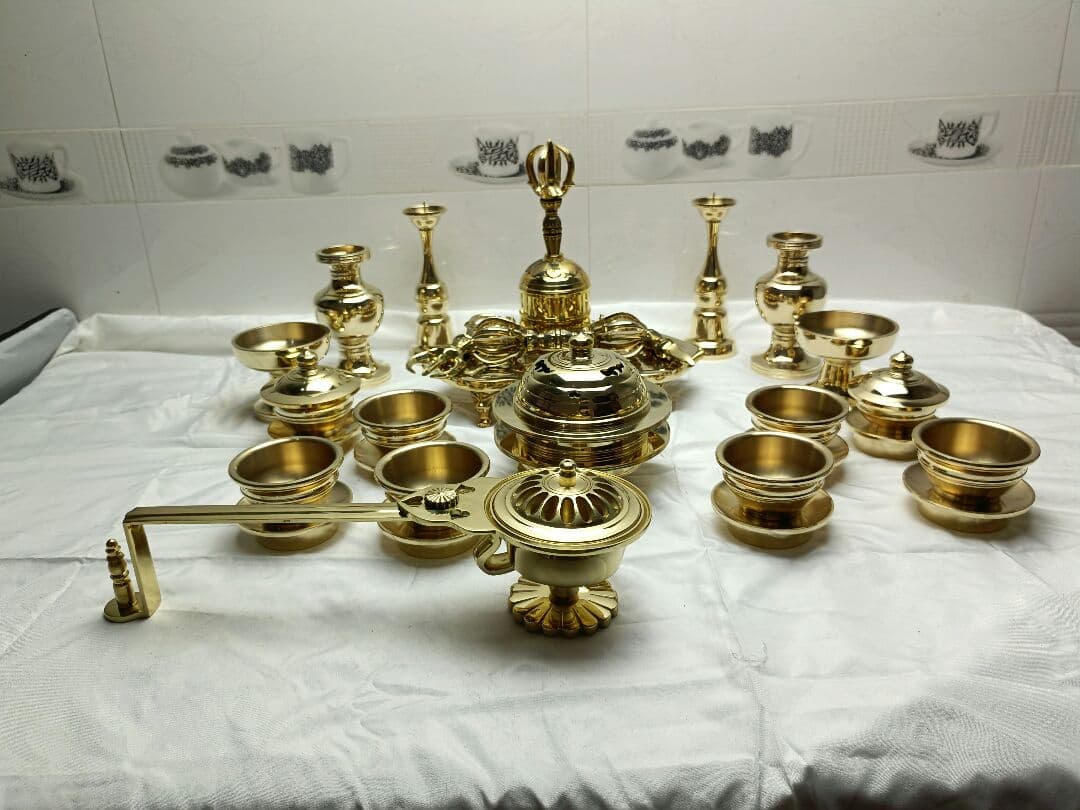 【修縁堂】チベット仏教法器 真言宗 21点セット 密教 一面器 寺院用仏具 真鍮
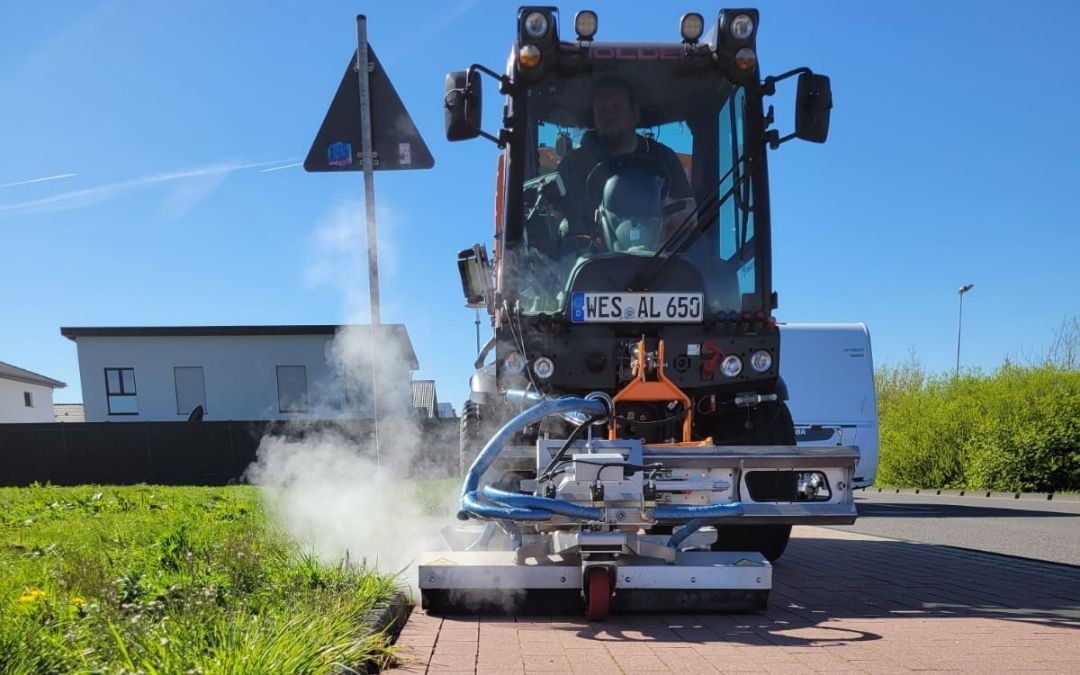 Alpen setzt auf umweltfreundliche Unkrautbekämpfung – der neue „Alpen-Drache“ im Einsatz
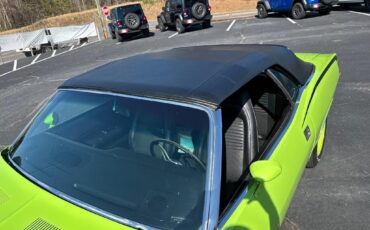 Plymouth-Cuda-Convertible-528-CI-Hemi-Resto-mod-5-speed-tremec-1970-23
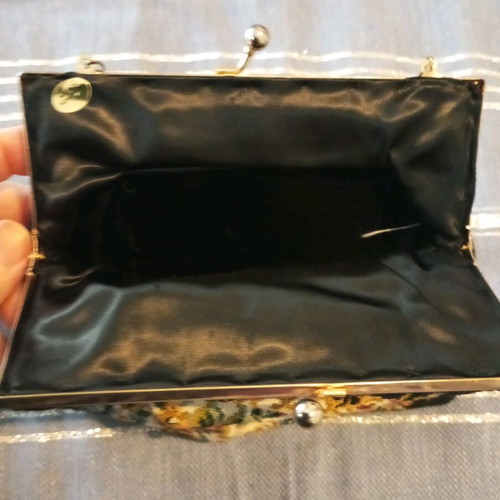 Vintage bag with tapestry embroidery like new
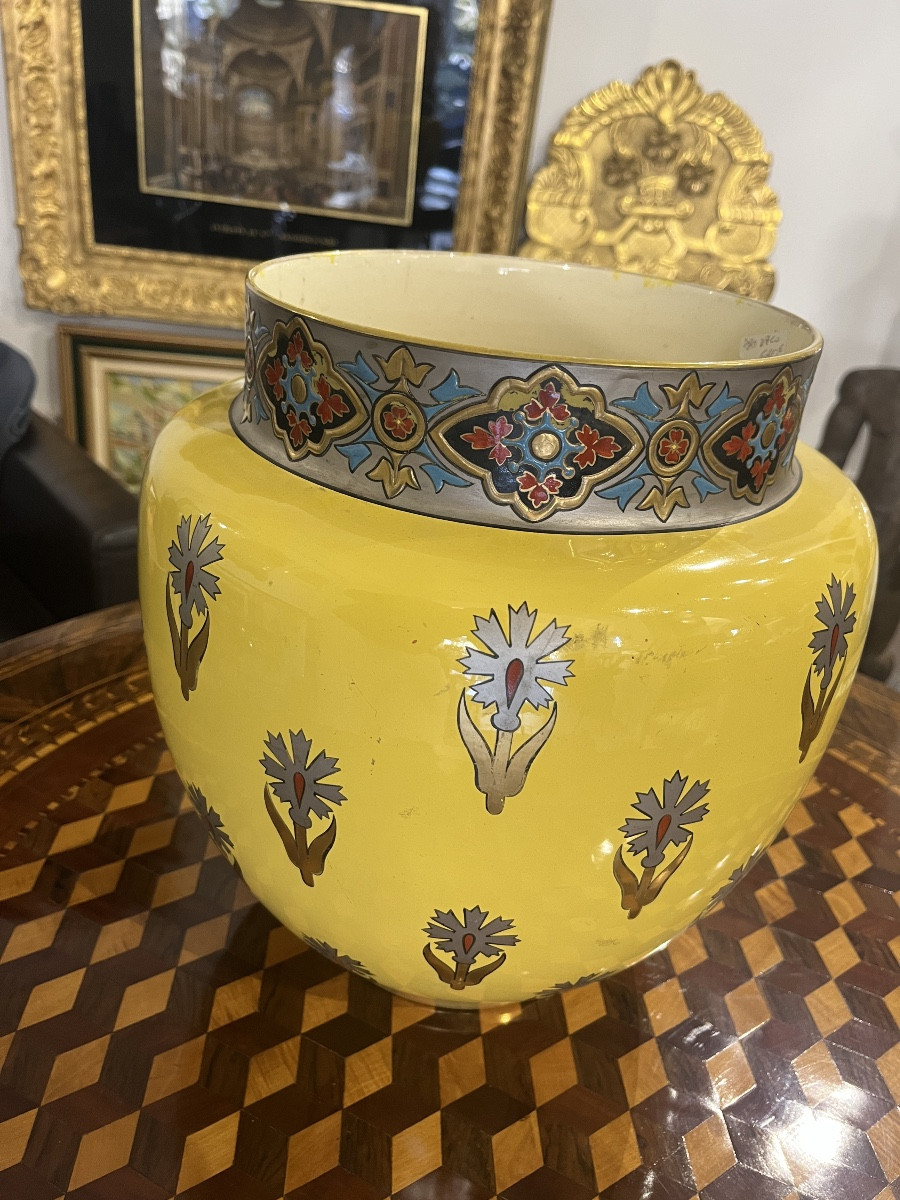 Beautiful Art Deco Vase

* * * * *

> [Problem requirements]: Output the records exactly, pictures excluded.

> [Answer section]:
 【修縁堂】チベット仏教法器 真言宗 21点セット 密教 一面器 寺院用仏具 真鍮
 Alpen setzt auf umweltfreundliche Unkrautbekämpfung – der neue „Alpen-Drache“ im Einsatz
 Plymouth-Cuda-Convertible-528-CI-Hemi-Resto-mod-5-speed-tremec-1970-23
 Vintage bag with tapestry embroidery like new
 Beautiful Art Deco Vase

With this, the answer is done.